What you have to do: The whole listing below should be printed again exactly, with no images.

Data section:
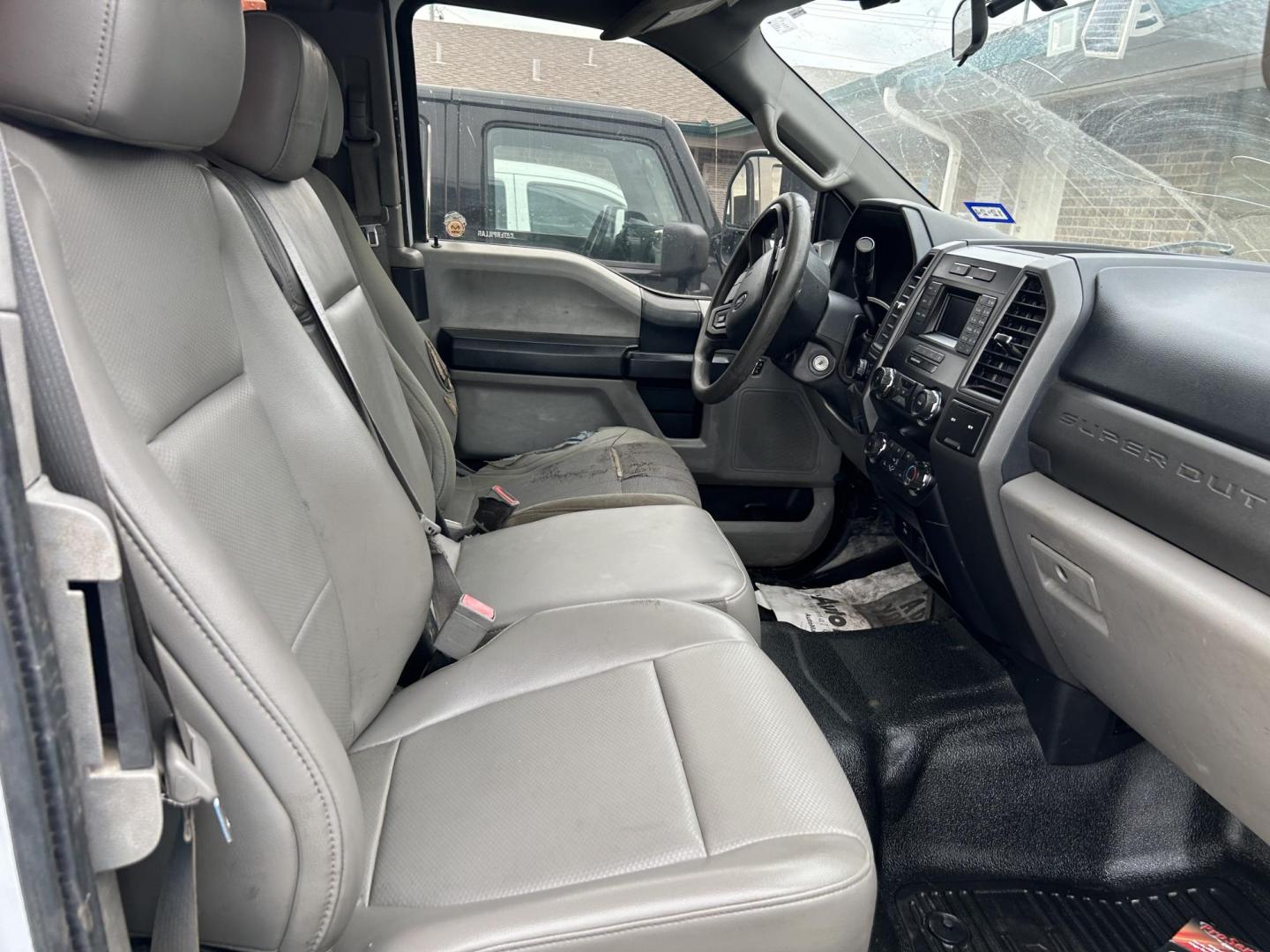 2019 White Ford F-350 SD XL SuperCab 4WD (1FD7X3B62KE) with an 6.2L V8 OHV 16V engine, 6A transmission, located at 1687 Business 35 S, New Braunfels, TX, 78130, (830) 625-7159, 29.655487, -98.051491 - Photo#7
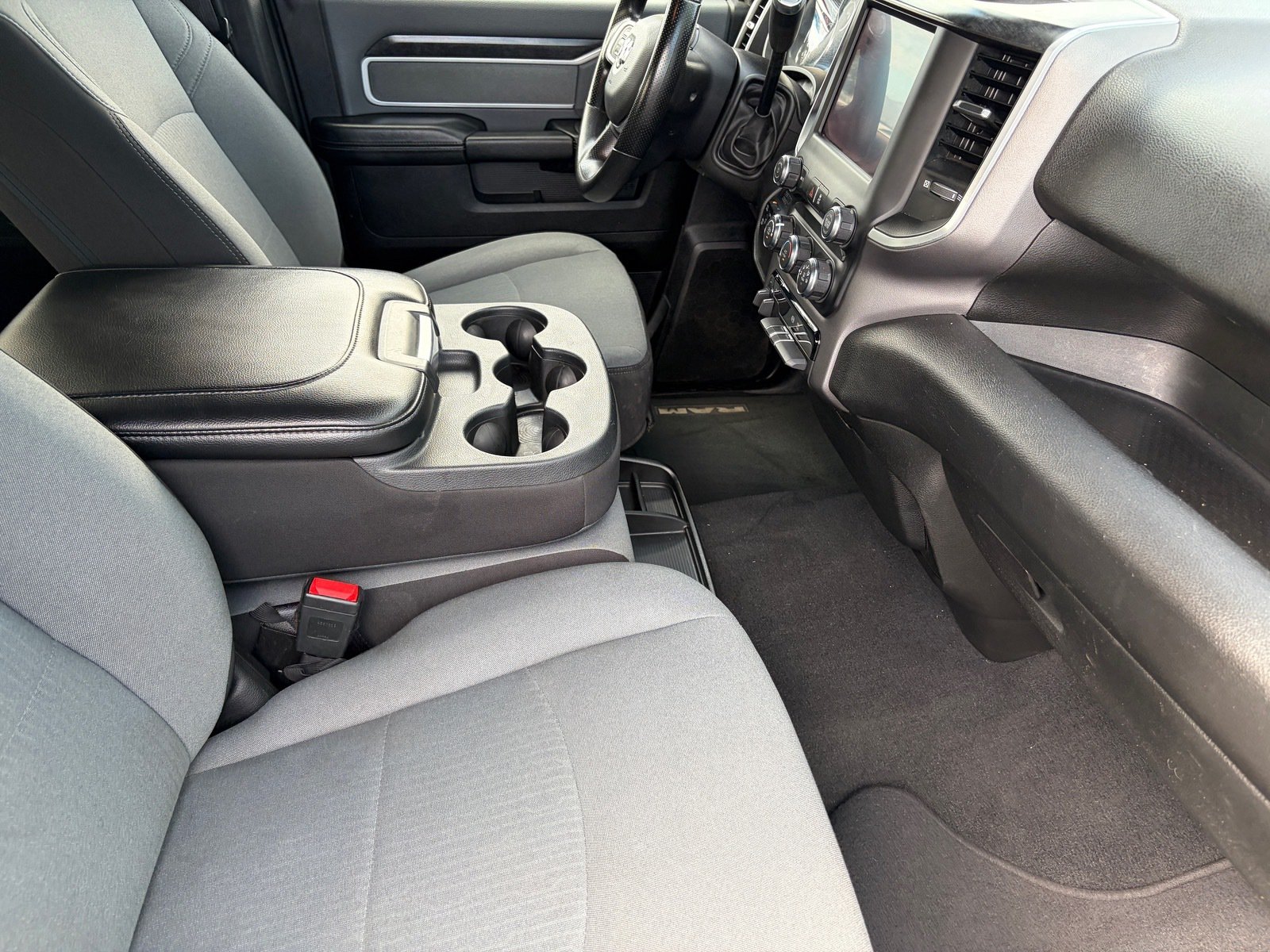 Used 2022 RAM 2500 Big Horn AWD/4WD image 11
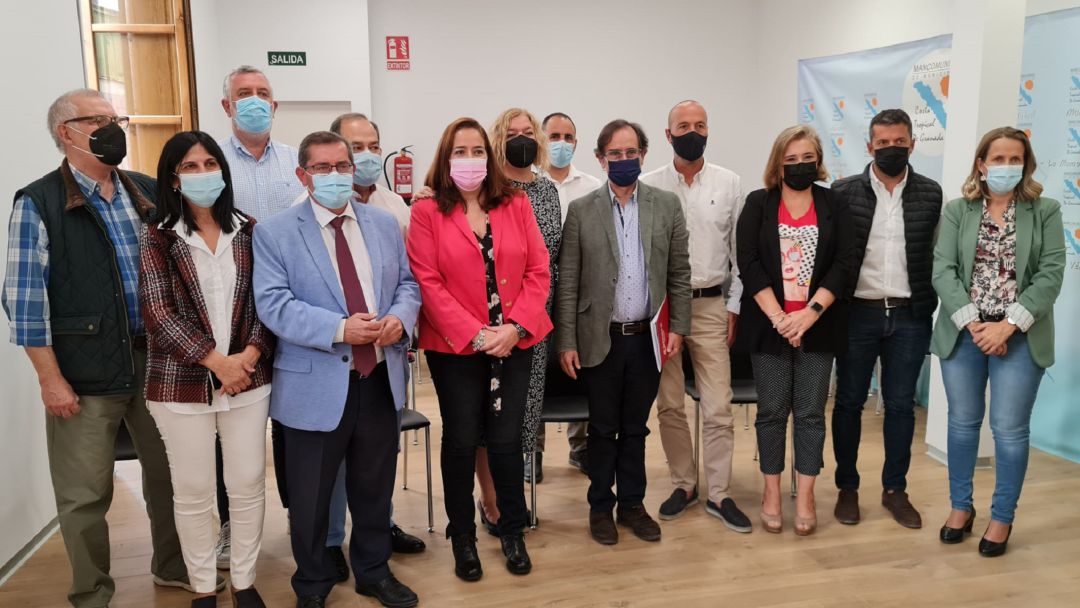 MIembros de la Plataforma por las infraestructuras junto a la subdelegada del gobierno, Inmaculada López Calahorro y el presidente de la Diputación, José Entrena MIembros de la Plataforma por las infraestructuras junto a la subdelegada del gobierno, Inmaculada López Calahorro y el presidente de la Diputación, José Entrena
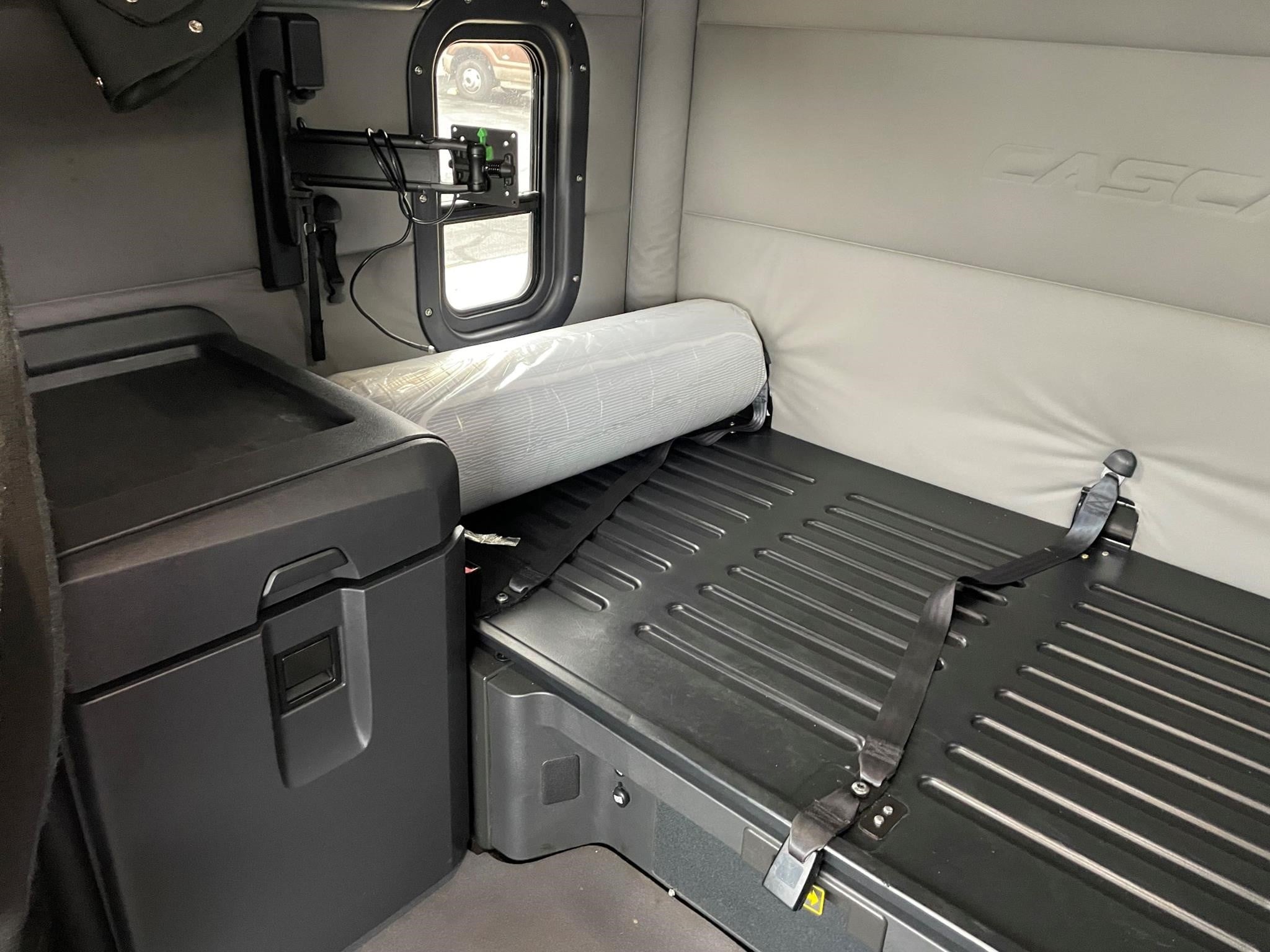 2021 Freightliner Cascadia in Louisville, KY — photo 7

Solution to the exercise:
 2019 White Ford F-350 SD XL SuperCab 4WD (1FD7X3B62KE) with an 6.2L V8 OHV 16V engine, 6A transmission, located at 1687 Business 35 S, New Braunfels, TX, 78130, (830) 625-7159, 29.655487, -98.051491 - Photo#7
 Used 2022 RAM 2500 Big Horn AWD/4WD image 11
 MIembros de la Plataforma por las infraestructuras junto a la subdelegada del gobierno, Inmaculada López Calahorro y el presidente de la Diputación, José Entrena MIembros de la Plataforma por las infraestructuras junto a la subdelegada del gobierno, Inmaculada López Calahorro y el presidente de la Diputación, José Entrena
 2021 Freightliner Cascadia in Louisville, KY — photo 7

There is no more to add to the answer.